In 2012, more than 1,000 children and young adults under 21 in San Diego County had elevated blood lead levels, according to the California Department of Public Health.

"We want to remind parents that lead poisoning can be detrimental to young children's health and development, and it's important that they ask their children's doctor about lead testing,"said Wilma Wooten, San Diego County's public health officer.

Wooten said the only way to identify and confirm lead poisoning in children is through a blood test.

Most children who have lead poisoning don't look or act sick and symptoms can be confused with common childhood complaints such as stomach aches, headaches, crankiness or loss of appetite, according to CDPH. Even low levels of lead in blood are shown to have a significant impact -- affecting IQ, the ability to pay attention and academic achievement.
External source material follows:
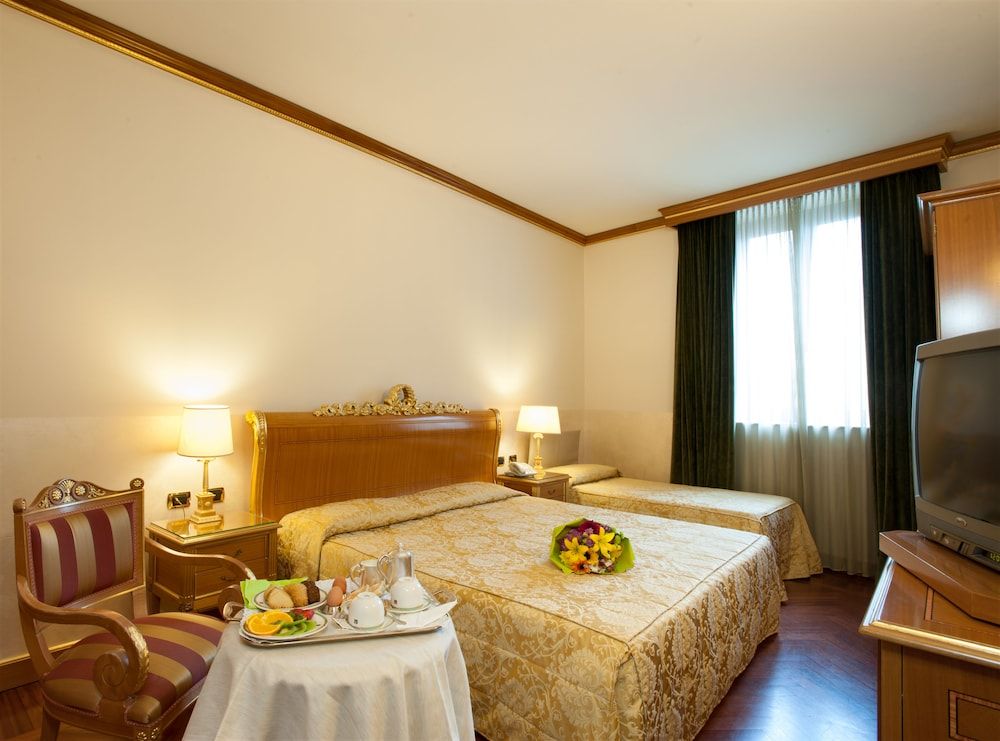 undefined Marconi Hotel 6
Children can be exposed to lead through lead-based paint, lead- contaminated dust and soil and through certain imported ceramic pottery, painted objects and imported candy and food products.

The county's Health and Human Services program will have informational displays on childhood lead poisoning at all county regional public health centers. HHS will also make presentations to healthcare providers and community groups to raise awareness about the illness.